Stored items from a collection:

----------------

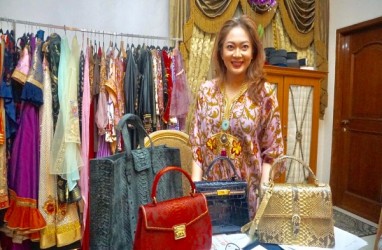 Perancang Elga Naldy Bawa Kain Songket ke Ajang Mode Internasional di Rusia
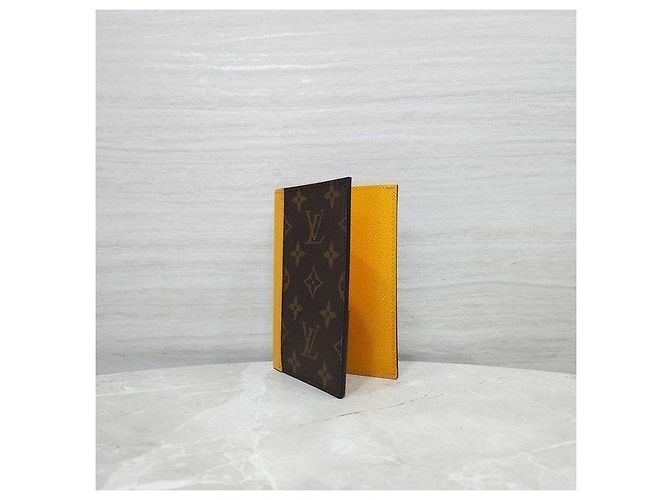 Louis Vuitton Portapassaporto Monogram Macassar - vista 2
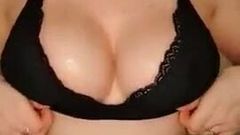 Gorgeous tit drop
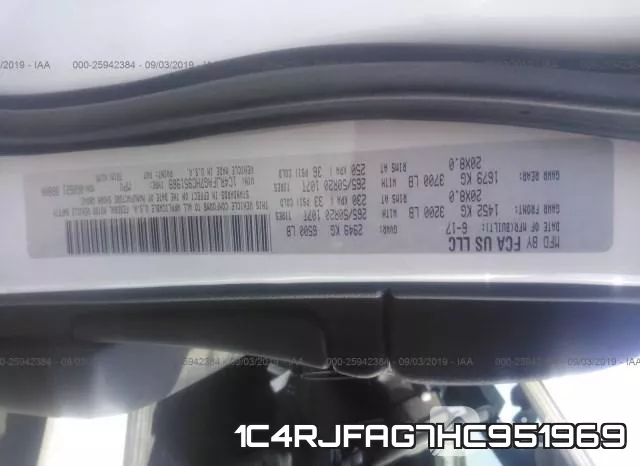 1C4RJFAG7HC951969_9.webp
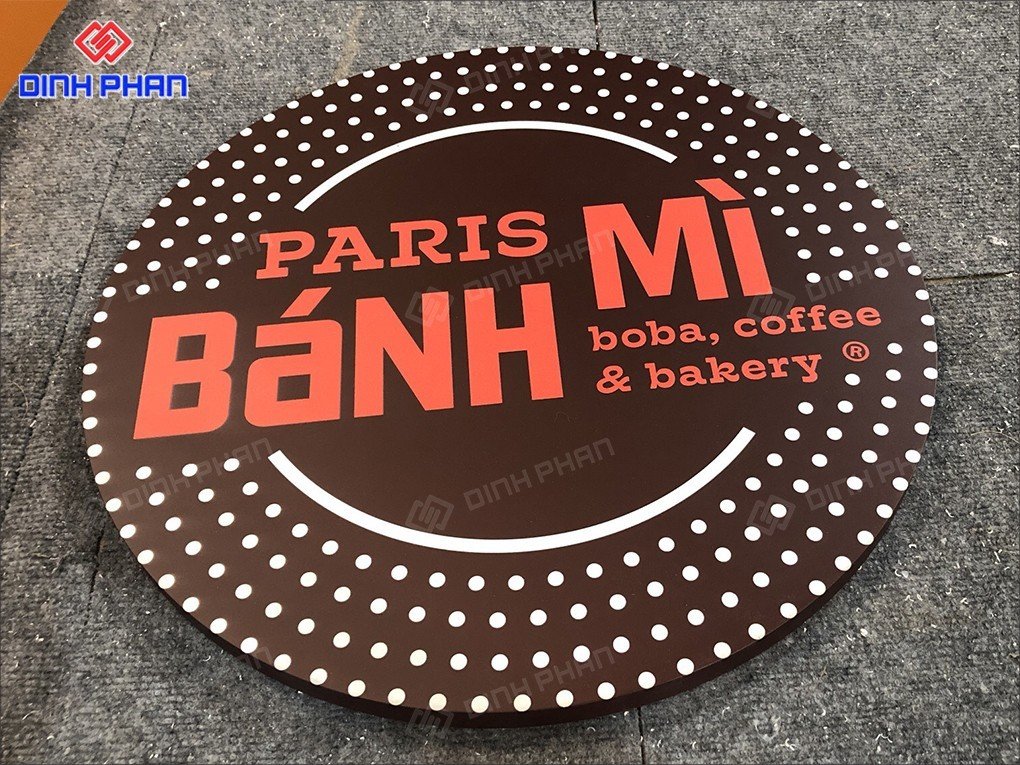 Bảng hiệu tại Buôn Ma Thuột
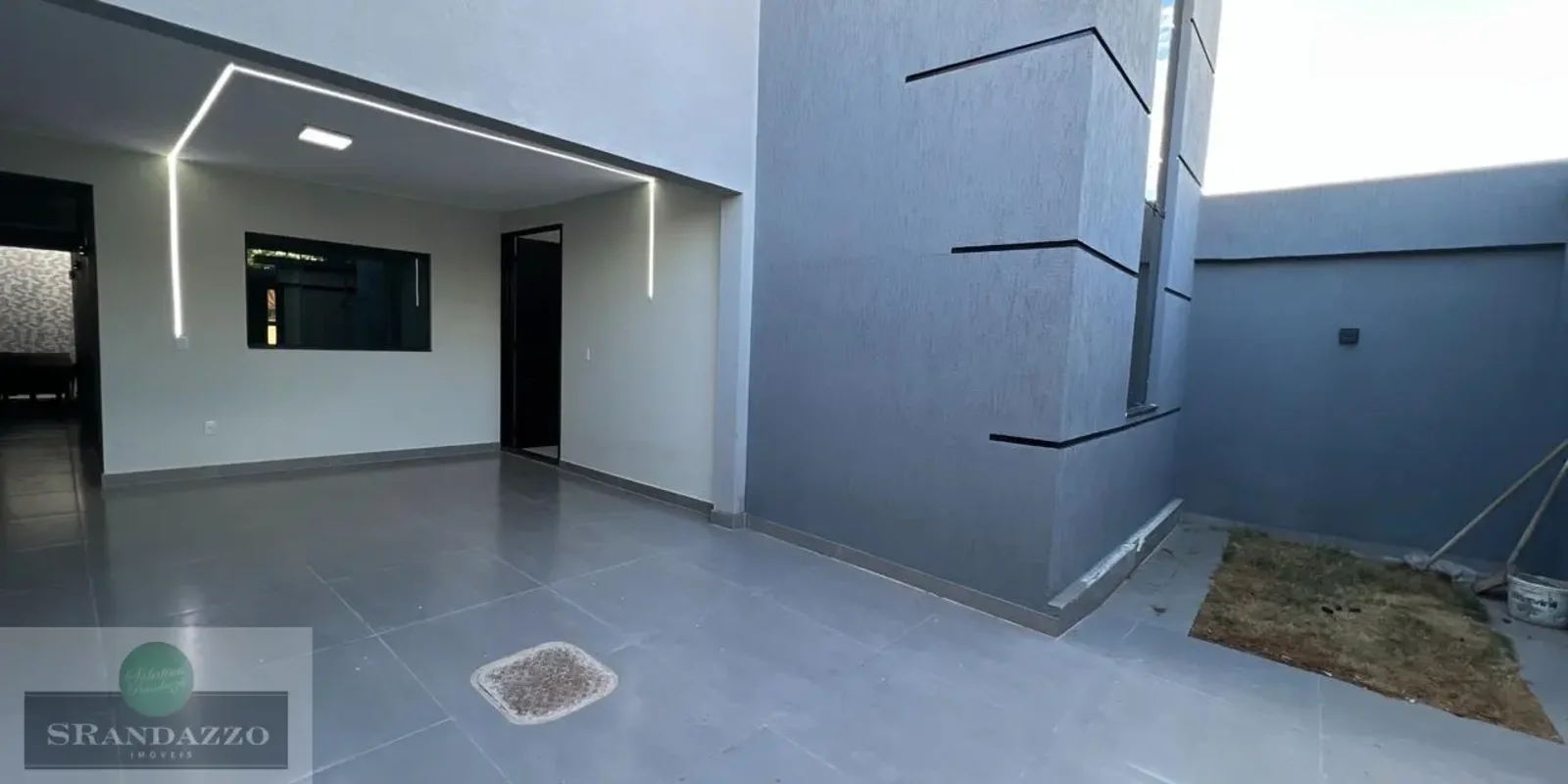 * - Apresentamos uma casa nova de alto padrão localizada na QNO 6 Conjunto K, CE...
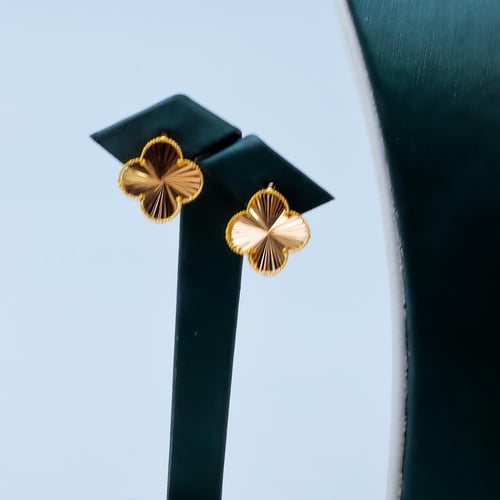 طقم ذهب الفان كليف خمس وردات الحجم الكبير عيار 21...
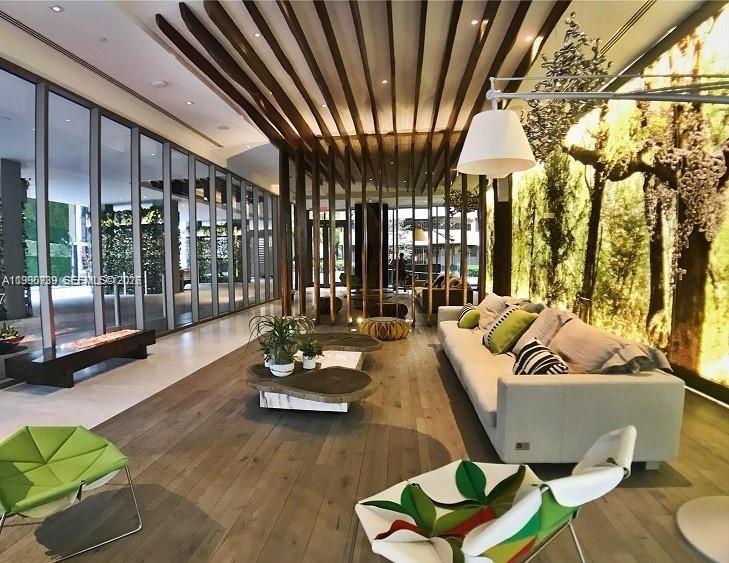 1010 Brickell Ave 3211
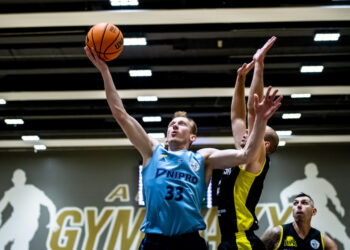 Дніпро переміг БІПУ та завершив київський бабл без поразок — Федерація баскетболу України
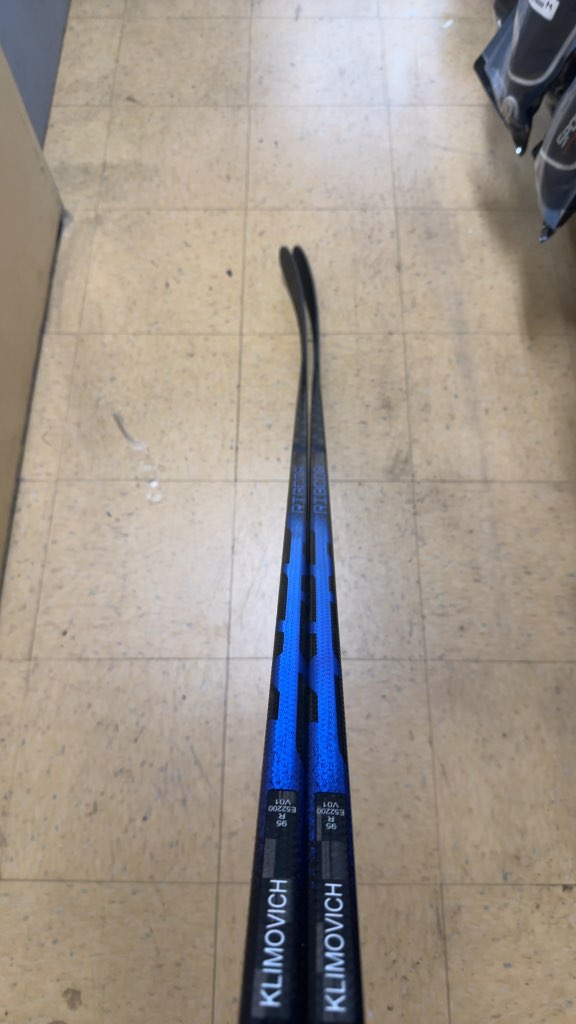 Pair of CCM Ribcor Trigger Pro Stock Hockey Sticks - 95 Flex - Right - Klimovich
Two Pack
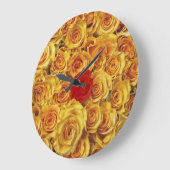 黄色いベッドのバラの独身のな赤 ラージ壁時計 (傾斜)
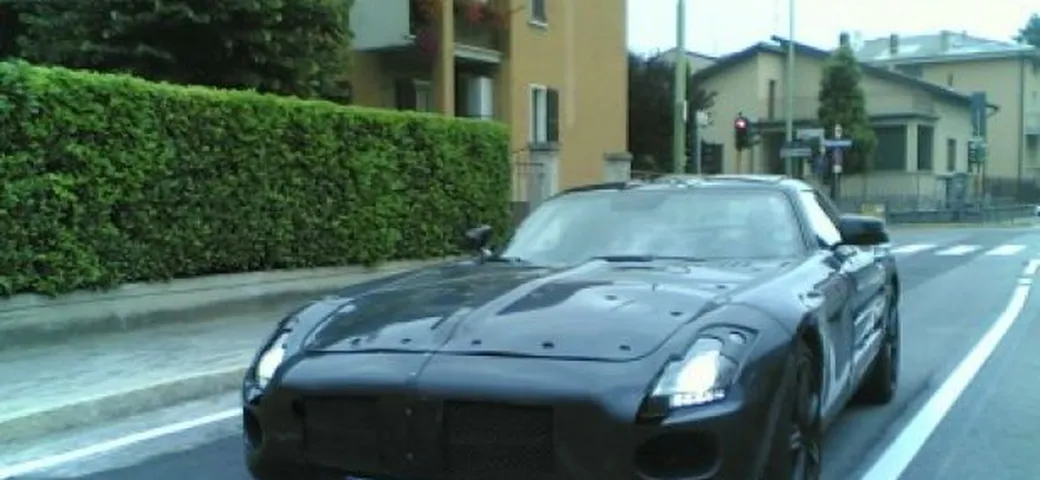 Mercedes SLS: foto spia dal Chilometro Rosso Brembo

----------------

> What this task involves
Only the lines from the one holding "Дніпро переміг БІПУ" through the end of the data are to be printed, exactly as they stand and with no pictures.

> Output below
 Дніпро переміг БІПУ та завершив київський бабл без поразок — Федерація баскетболу України
 Pair of CCM Ribcor Trigger Pro Stock Hockey Sticks - 95 Flex - Right - Klimovich
Two Pack
 黄色いベッドのバラの独身のな赤 ラージ壁時計 (傾斜)
 Mercedes SLS: foto spia dal Chilometro Rosso Brembo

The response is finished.